現代のクラフトの作り手と作品を主役とするライフストーリーを綴ります。

M・ポンティの『眼と精神』に始まる

2019年07月23日 | 「‶見ること″の優位」

「見ることの優位」は見ることの創造性をいうことに基づいていますが、
これからは“創造性”」ということに特に重点を置いて「見ること」のはたらきの内実を探っていきたいと思います。

私の場合は、その出発点となるのは学生時代に読んだ、フランスの哲学者メルロ・ポンティが晩年に著わした『眼と精神』という論文です。
この論文は絵画における“奥行き”表現を扱っており、それはたとえば次のようにアプローチされていく「見ること」の現象です。

「…もうひとつの次元(奥行き)を私に見せてくれるこの二次元の存在者、これは通路として切り開かれた存在者であり、ルネサンス時代の人びとが言ったように、窓である……。しかしこの窓は、結局のところ部分相互の並列、つまり高さと幅――それがただ違った角度から見られるだけのことだ――、存在(etre)の絶対的肯定性に開かれているにすぎないのだ。」

絵画的表現の大きな特徴として、遠近法とか明暗法と呼ばれる技法を使って空間の奥行き(3次元性)を表現することがあります。
言い換えると、平面(2次元空間)上に3次元空間を現出させるわけですが、これは絵画表現のもっとも大きな特徴とも言え、
作品評価の基準としても、奥行き(3次元空間)を感じさせるかどうかということが設定されます。

しかしそもそもなぜ2次元空間(平面)上に3次元空間を表すことができるのか、
人間の眼は平面状に空間の奥行きをなぜ見て取ることができるのか、
というか、それ以前に人間の眼は空間の奥行き自体を認識することがなぜできるのか、ということを問題にしてみると、
ふだん3次元空間の中を移動しているわれわれ人間としては、この世界に存在するためのあえて問うまでもない自明の前提であるだけに、改まって問われると答えようがない難しい問であることに気づかされます。
このような問いかけを擁した『眼と精神』を学生時代に読んだことは、私にとってそれ以降の自身の生き方やものの考え方を決定付けるような出来事となりました。



この論文においてはM・ポンティは、“奥行き”へのアプローチをとりあえず次のような文章にまとめています。

「このように考えられた奥行きを「第三の次元」などと呼ぶことはできない。
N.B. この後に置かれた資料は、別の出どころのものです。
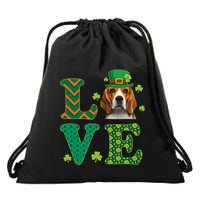 Beagle I Love My Beagle St Patricks Day Funny Dog Lover Drawstring Bag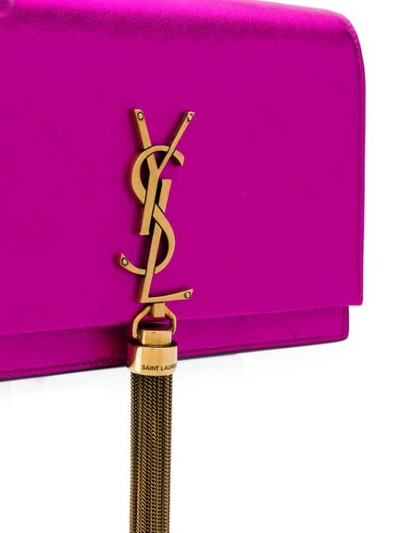 Shop Saint Laurent Kate Tassel Chain Wallet In Pink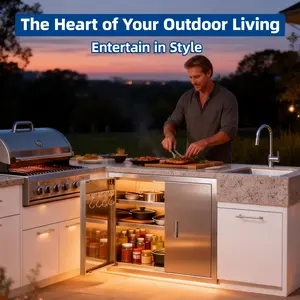 Outdoor Kitchen Doors - 31" x 24" Double-Layer Stainless Steel Kitchen Door for Outdoor Kitchen Cabinets, with Handles for Easy Access, Perfect for BBQ Island, Grilling Station, and Outside Cabinet. Home Storage Essentials，Kitchen Transformation Tools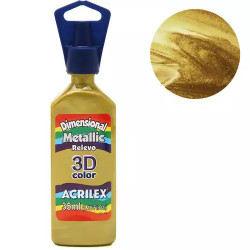 Tinta Dimensional Relevo 3D - Metallic - Acrilex - 35 ml - Dourado Solar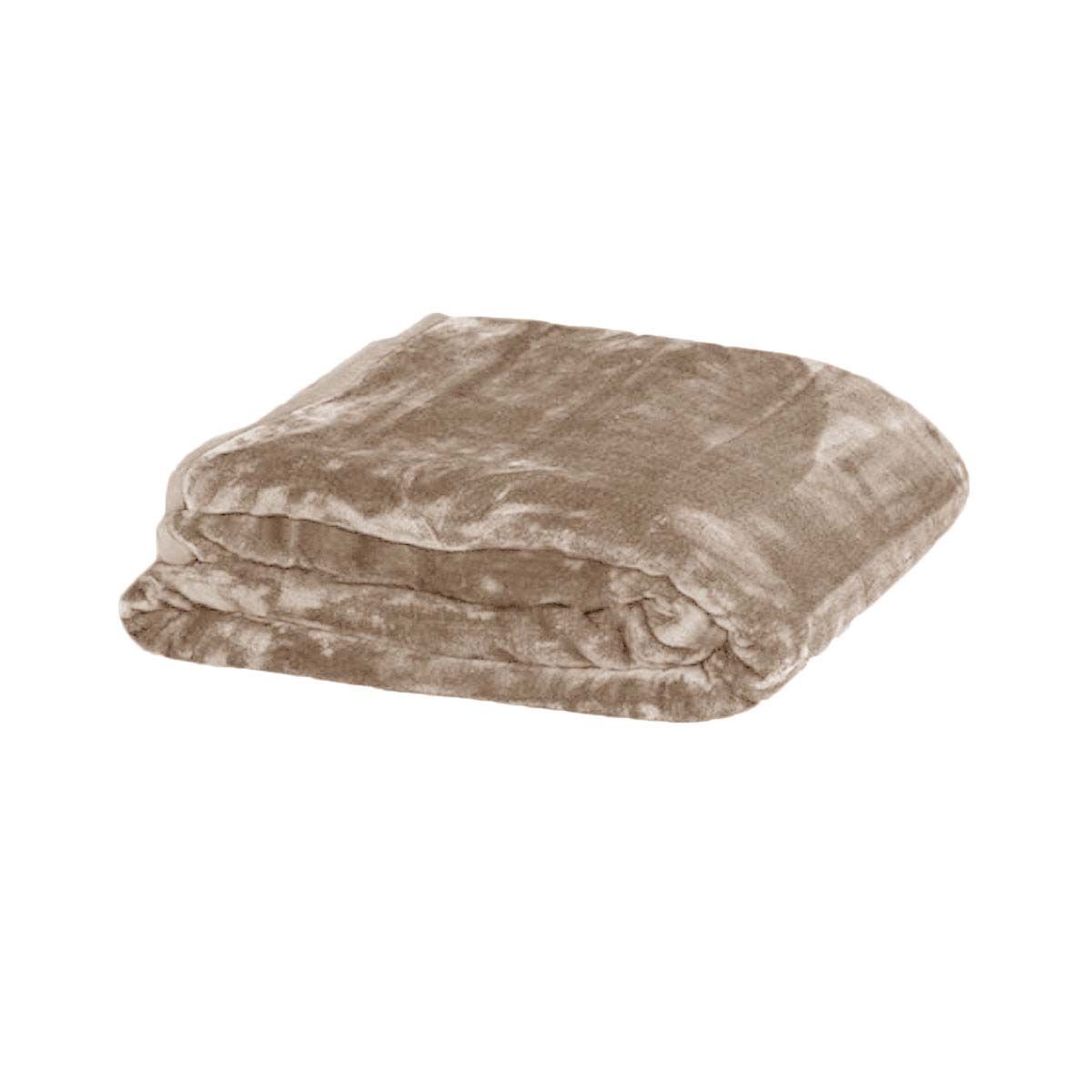 Blanket Faux Mink Soft Plain Latte Queen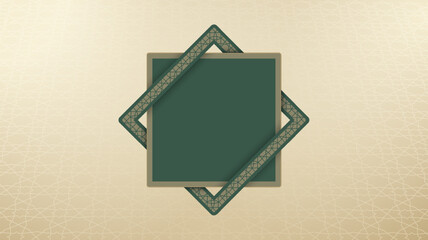 Islamic background in gold design with green islamic shape. islamic background template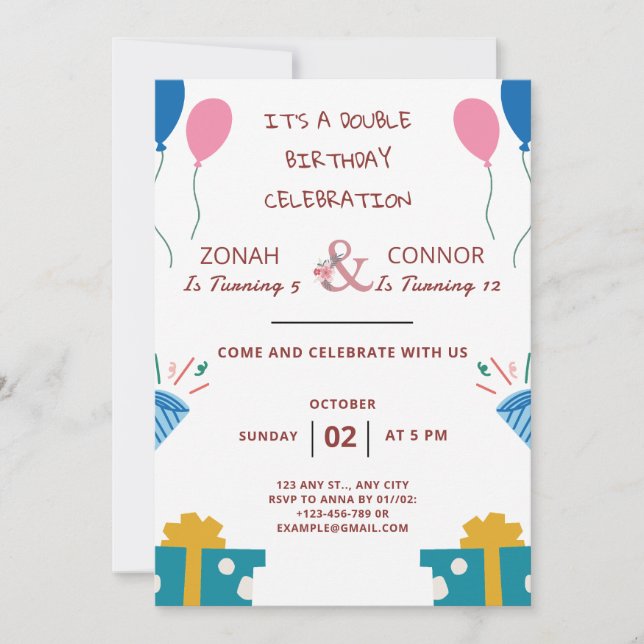 Double Celebration Birthday Invitation (Front)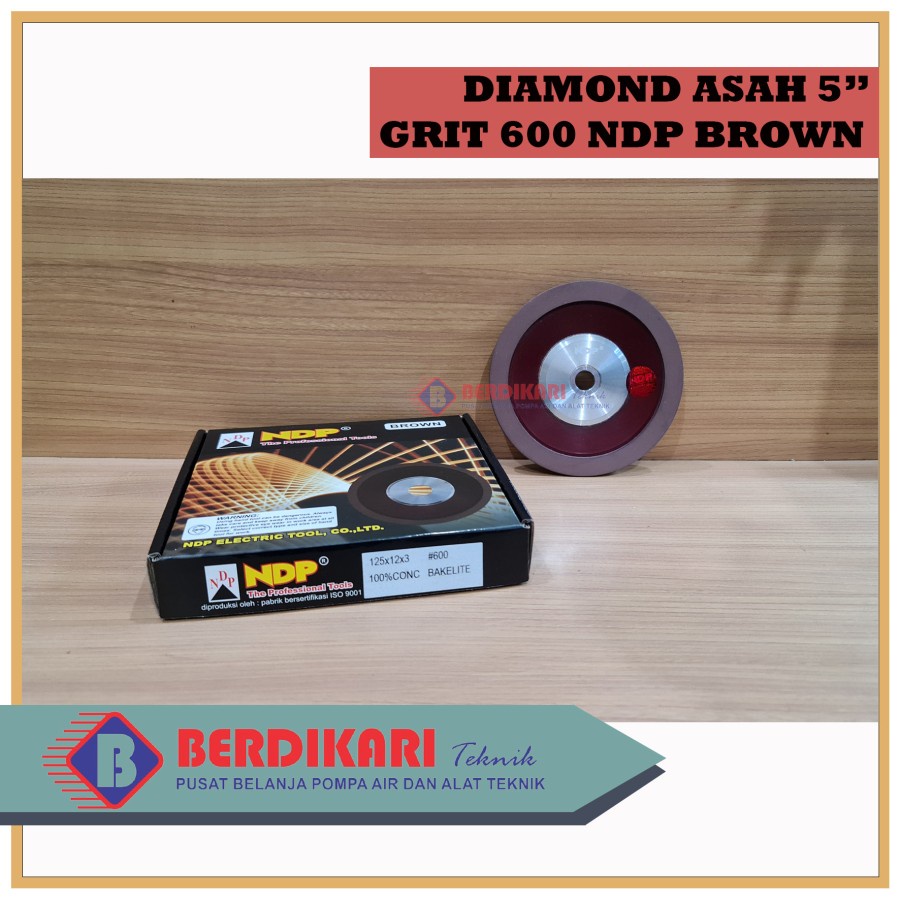 Batu Poles Diamond Asah Grinding Wheel 5" NDP 1 sisi Grit 600 BROWN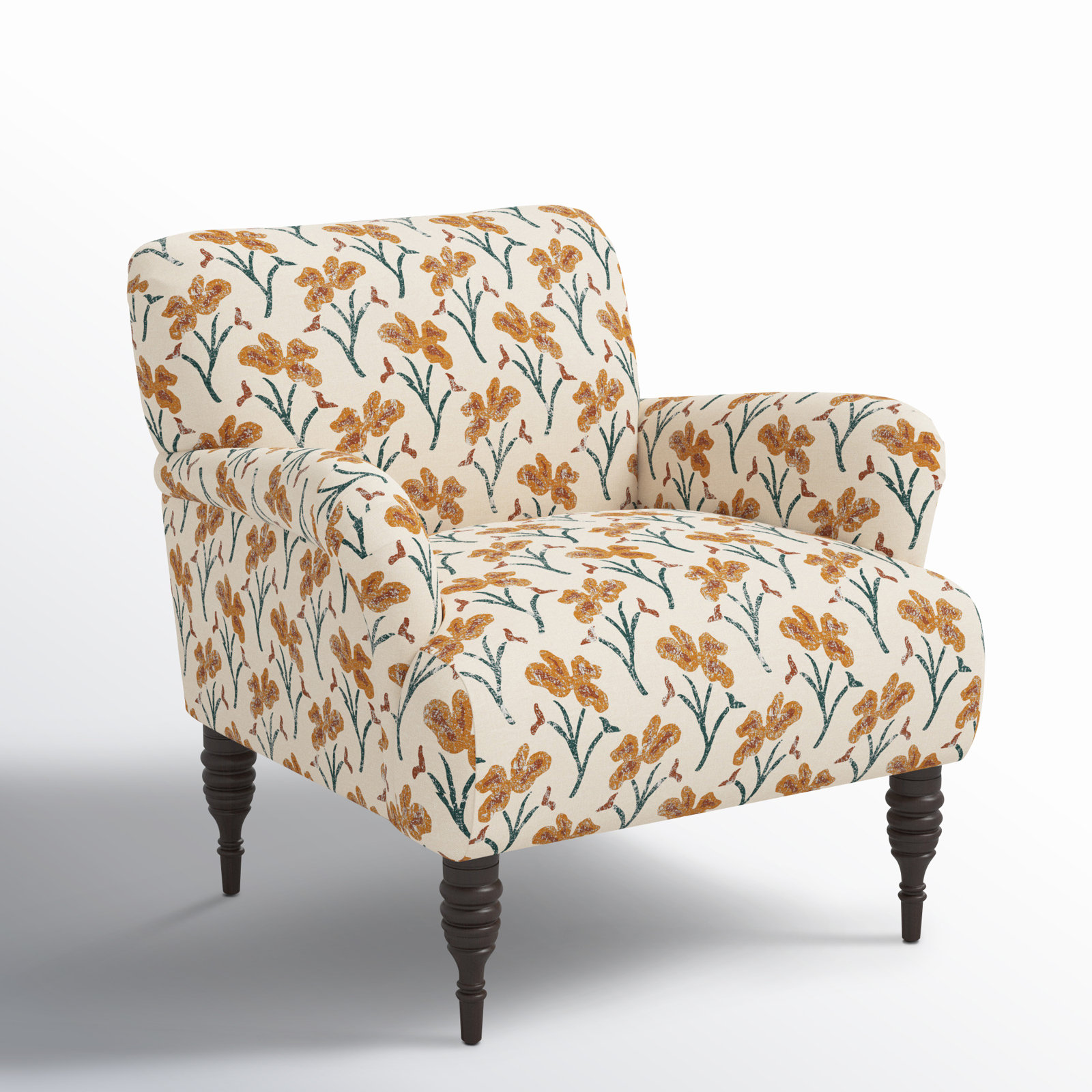 Allura Armchair, Vanves Floral Ochre Teal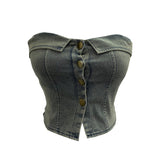 With Chest Cushions Denim Bra Sleeveless Top Single Buckle One-Pack Short Vest
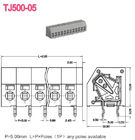 Calibre de diâmetro de fios do bloco de terminais 300V 10A 2-24 Polos 16-26 de Screwless da mola do passo 5.0mm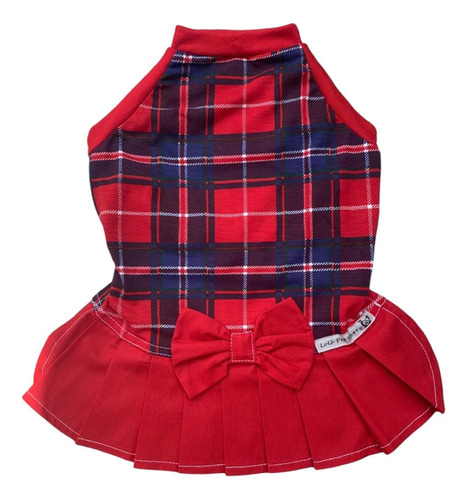 Roupa Cães Lolô - Cachorro - Fêmea - Xadrez Vermelho E Azul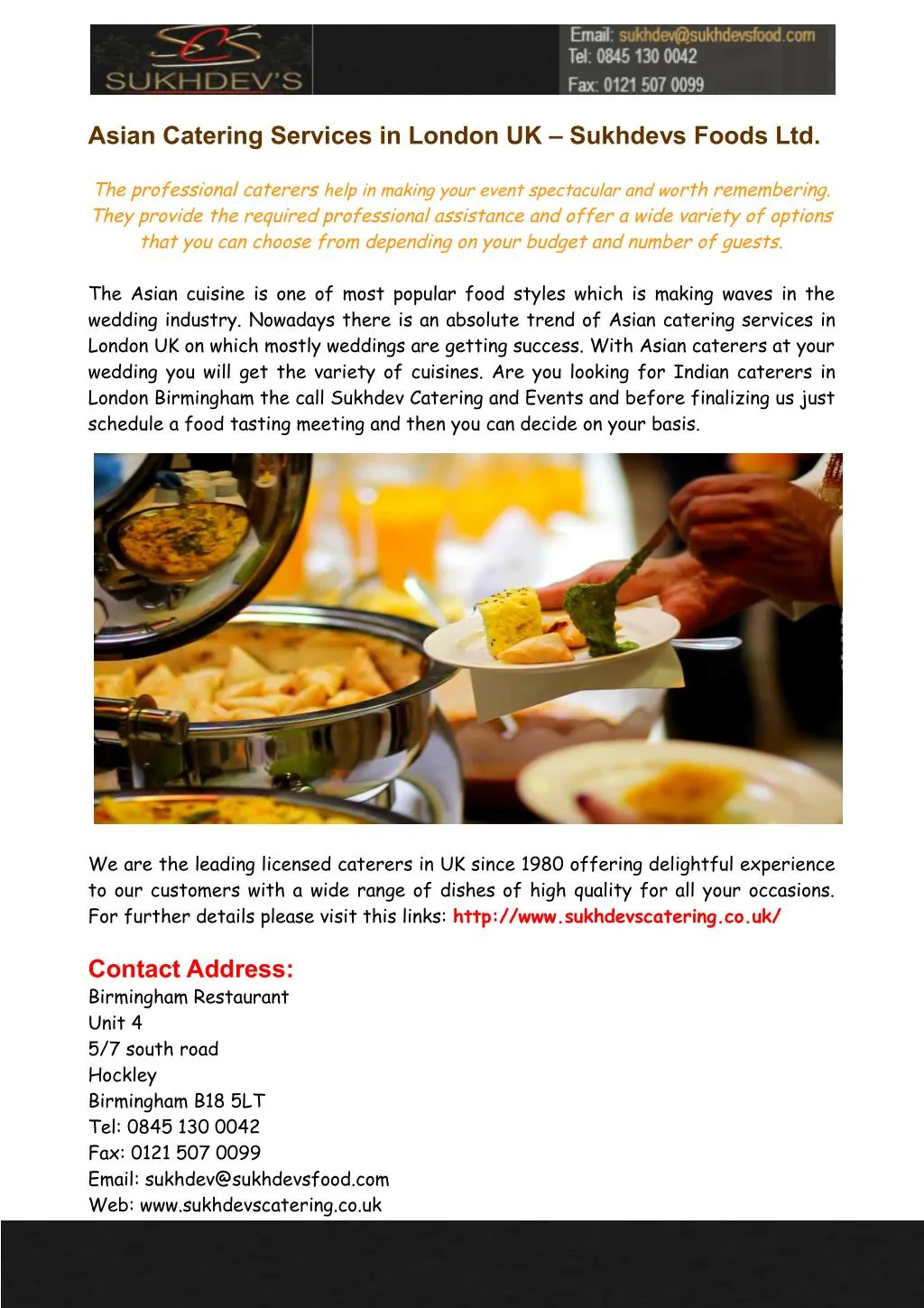 asian catering services in london uk sukhdevs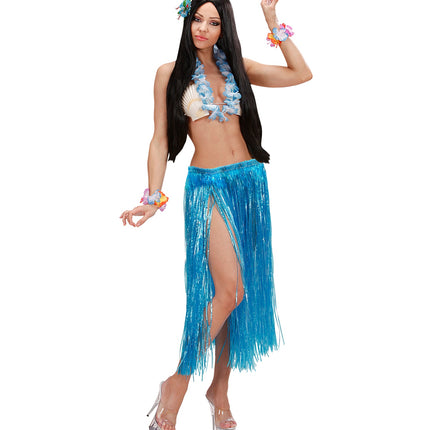 e-carnavalskleding-SYK Hawaii rok blauw lang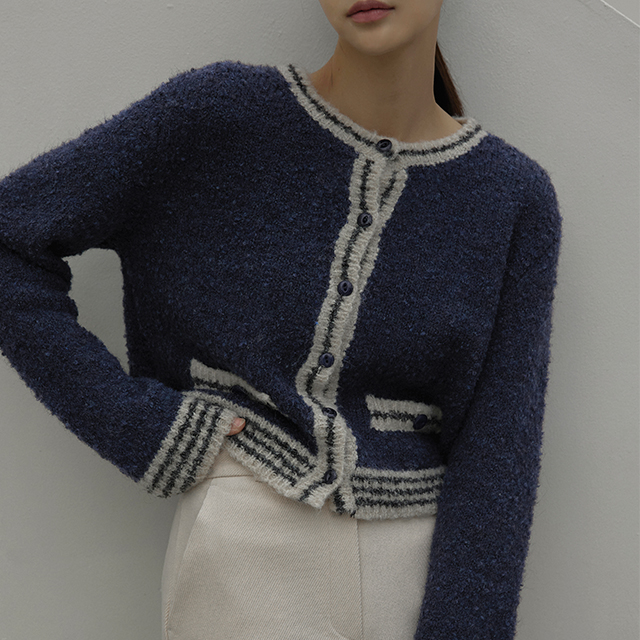 (CD-1895) Wool Line Point Buckle Knit Cardigan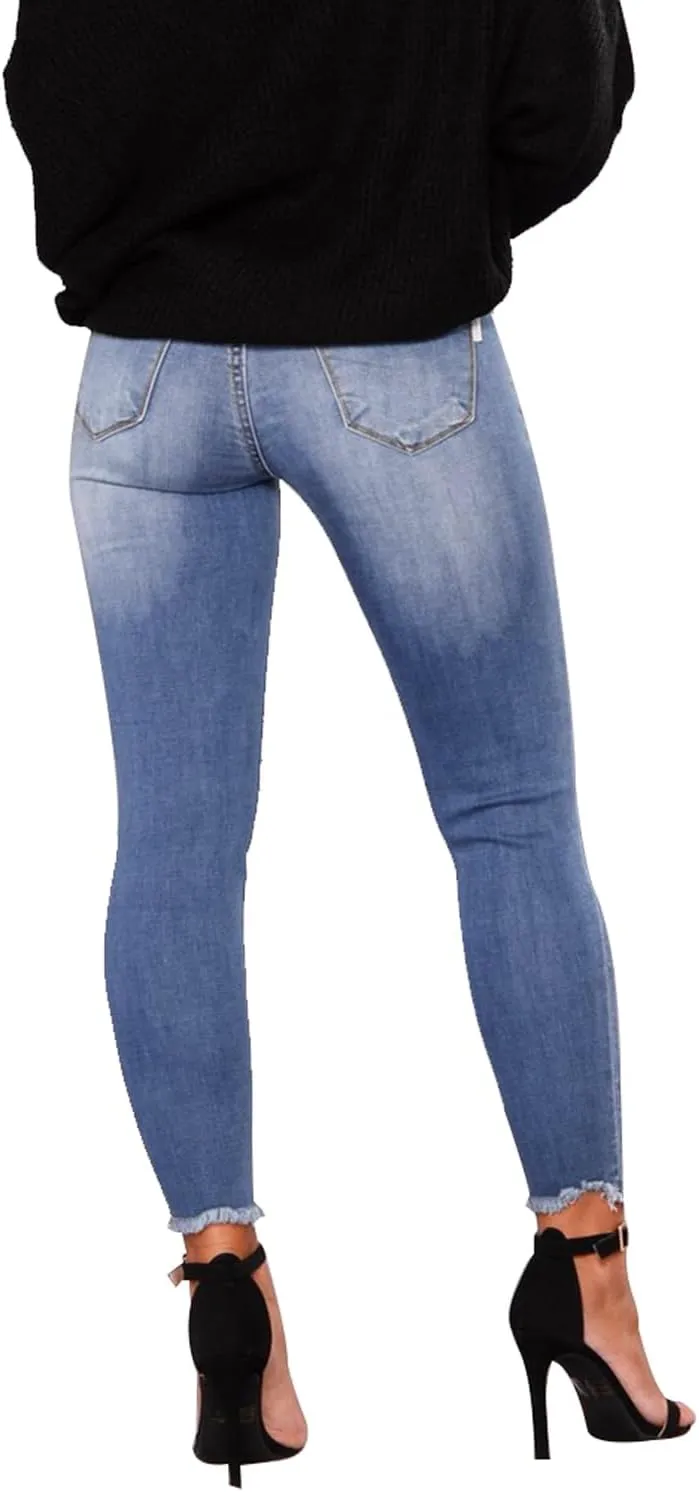KUNMI Women's Skinny Ripped Trendy Jeans Distressed Stretchy Denim Pants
何よりもまず、もしそれが次元といったもののひとつであるとしたら、むしろそれこそが第一の次元であることになろう。(中略)
このように理解された奥行きは、むしろいろいろな次元の換位可能性の経験そのものなのだ。つまり、すべてが同時にあり、高さ・大きさ・距離がそこからの抽象でしかない全体的な「場所」の経験であり、〈ものがそこにある〉という言い方で一口に言い表される〈かさばりというもの〉の経験なのである。」

さらに、「見る」とはどういうことかということについては、こんなふうに書いています。

「およそ目に見える一つの物、目に見える物としてのすべての個体は、次元としてもまた機能する。それらは存在の裂開の結果として与えられているからである。ということは結局、〈見えるもの〉の特性は、厳密な意味では〈見えない〉裏面、つまりそれが或る種の不在として現前させる裏面を持っているということだ、ということを意味する。」